When do rep and stos appear in compiled C?

Question

Can you give me some example C code which would be compiled to rep and stos?

00401059  /$  55            PUSH EBP
0040105A  |.  8BEC          MOV EBP,ESP
0040105C  |.  83EC 5C       SUB ESP,5C
0040105F  |.  57            PUSH EDI
00401060  |.  66:A1 E068400>MOV AX,WORD PTR DS:[4068E0]
00401066  |.  66:8945 B0    MOV WORD PTR SS:[EBP-50],AX
0040106A  |.  B9 13000000   MOV ECX,13
0040106F  |.  33C0          XOR EAX,EAX
00401071  |.  8D7D B2       LEA EDI,DWORD PTR SS:[EBP-4E]
00401074  |.  F3:AB         REP STOS DWORD PTR ES:[EDI]
00401076  |.  66:AB         STOS WORD PTR ES:[EDI]
00401078  |.  8D4D B0       LEA ECX,DWORD PTR SS:[EBP-50]
0040107B  |.  51            PUSH ECX                                 ; /Arg2
0040107C  |.  8D55 A4       LEA EDX,DWORD PTR SS:[EBP-5C]            ; |
0040107F  |.  52            PUSH EDX                                 ; |Arg1
00401080  |.  E8 7BFFFFFF   CALL 00401000                            ;

This's just my example.

yaspr · Answer 1 · 2016-12-02T10:07:52.700

Let's start by explaining what each instruction does.
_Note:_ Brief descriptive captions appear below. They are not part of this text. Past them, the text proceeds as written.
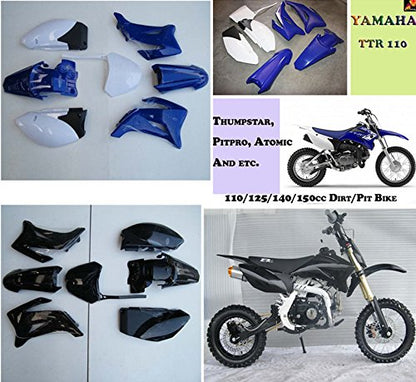 TDPRO Plastic Fender Fairing Kit for TTR-R110E Pit Dirt Bike (Blue) - color: Blue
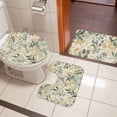 thumbnail image 4 of Sage Green Yellow Botanical Bath Mat 3 Piece Bathroom Rug Set, Spring Summer Vintage Non Slip Bath Rug Contour Mat and Toilet Lid Cover, Absorbent Shower Mats Soft Bath Rugs and Mats Sets, 4 of 8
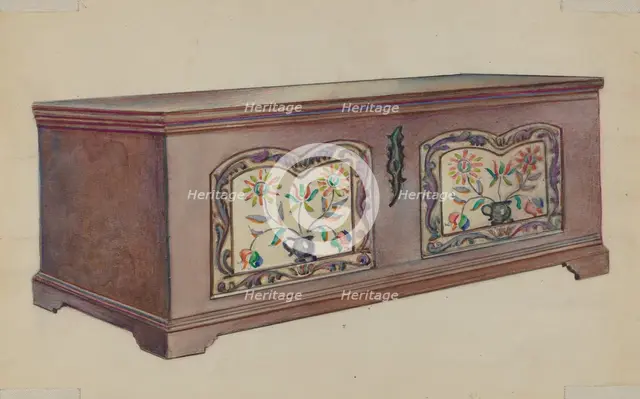 Pa. German Dower Chest, c. 1936. Creator: Fanchon Larzelere.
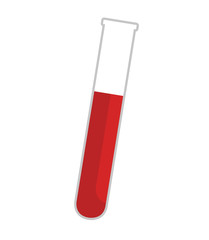 Blood test sample on flask, vector illustration graphic design.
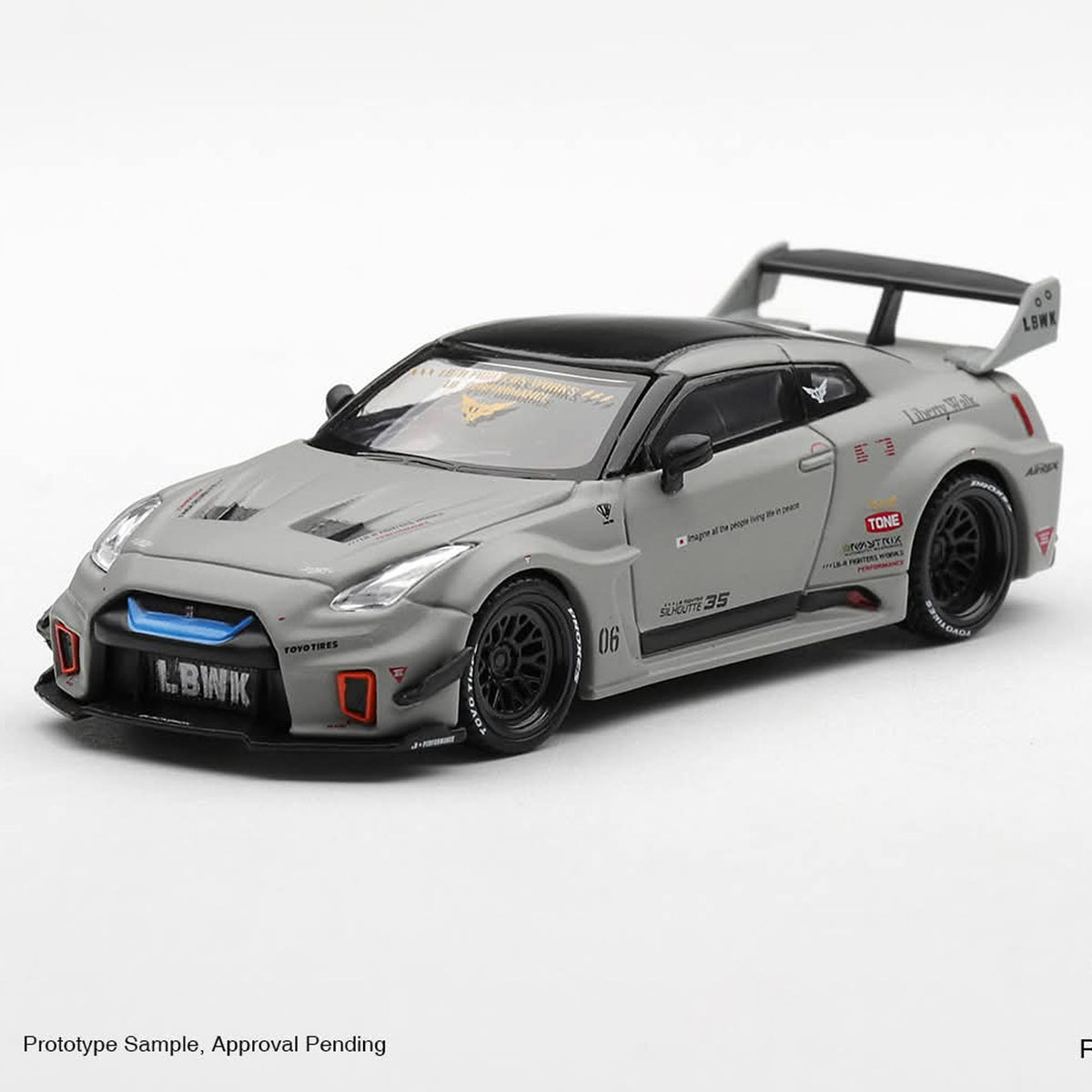 Minigt 1:64 GT R 35gt rr Combat Gray Lbwk Modified Alloy Car Model 1248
REP OPD works as follows :

          for (; ecx > 0; ecx--) OPD

This instruction will repeat the operand while decrementing ECX until it reaches 0. Notice in your code that ECX is set to 13 (address 0040106A).

STOS OPD, on the other hand, stores the value of AL or AX, or EAX in the given memory operand. Register size is defined by the memory location size hence the DWORD in your code.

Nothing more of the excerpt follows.